Article
Obama’s Plan to Loosen Comcast’s Stranglehold on Your Internet | Gizmodo
From the horse’s mouth
The White House (US Government)
Report (PDF)
Video by Barack Obama
My Comments
An issue that is constantly raised in the USA is the lack of real competition when it comes to Internet service provision.
This is because incumbent cable and telephone companies, especially Comcast and Time-Warner Cable, are using their lobbying power to influence state governments to proscribe competing interests like municipal Wi-Fi projects or Google Fiber from setting up infrastructure and service. Similarly, these companies effectively tie up fibre-optic and other backbone infrastructure also to prevent real competition. Here, this leads to an Internet service that simply is poor value-for-money due to prices that go up, reduced bandwidth, onerous terms and conditions and poor quality-of-service.
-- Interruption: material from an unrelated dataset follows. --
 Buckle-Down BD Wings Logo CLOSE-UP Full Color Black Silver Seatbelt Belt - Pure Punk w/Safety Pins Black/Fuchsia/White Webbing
As illustrated in the video that President Barack Obama made regarding this topic, this limits the available throughput for Internet service and he compared the US situation to cities like Paris, France or Seoul, South Korea where they have the high-speed broadband.
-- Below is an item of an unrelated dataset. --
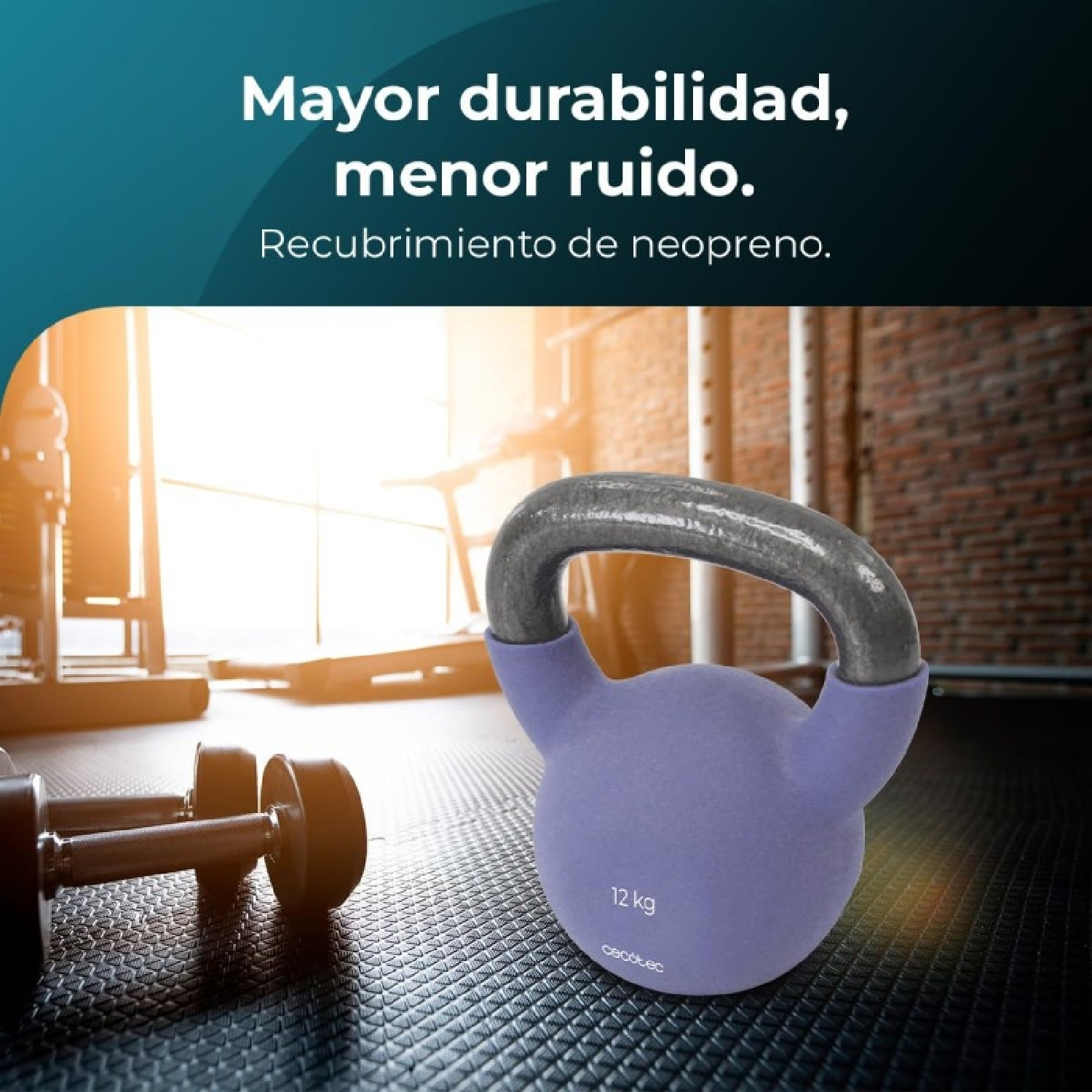 Cecotec Haltère Russe de 12 kg Drumfit KettleBell 12000 Neo. Revêtement en néopr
He underscored the role of state and local government to pull their weight to support high-throughput last-mile Internet connections on a competitive level. Uncle Sam had already facilitated the backbone of the US Internet connection but he sees these governments being responsible for the connection to the customer’s door.
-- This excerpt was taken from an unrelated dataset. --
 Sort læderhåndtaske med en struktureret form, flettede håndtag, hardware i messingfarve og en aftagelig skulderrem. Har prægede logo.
It also comes at a time where Comcast and Time-Warner Cable have registered an intent to merge and this is becoming a hot potato issue in the US due to the state of the Internet and pay-TV services that exist there.
One analogy I have used regarding the state of the US Internet service is that it is moving towards a similar standard to monopoly-era telephone service where a single privately-owned or government-owned post-office or telephone company looked after the telephone service. This led to situations like the poor quality of customer service, disinvestment in areas that weren’t considered profitable along with very high prices especially for service-provisioning costs or long-distance calls.
What I have liked about this is that someone “from the top” of the food chain is addressing the issue concerning the quality and value of Internet service in the USA.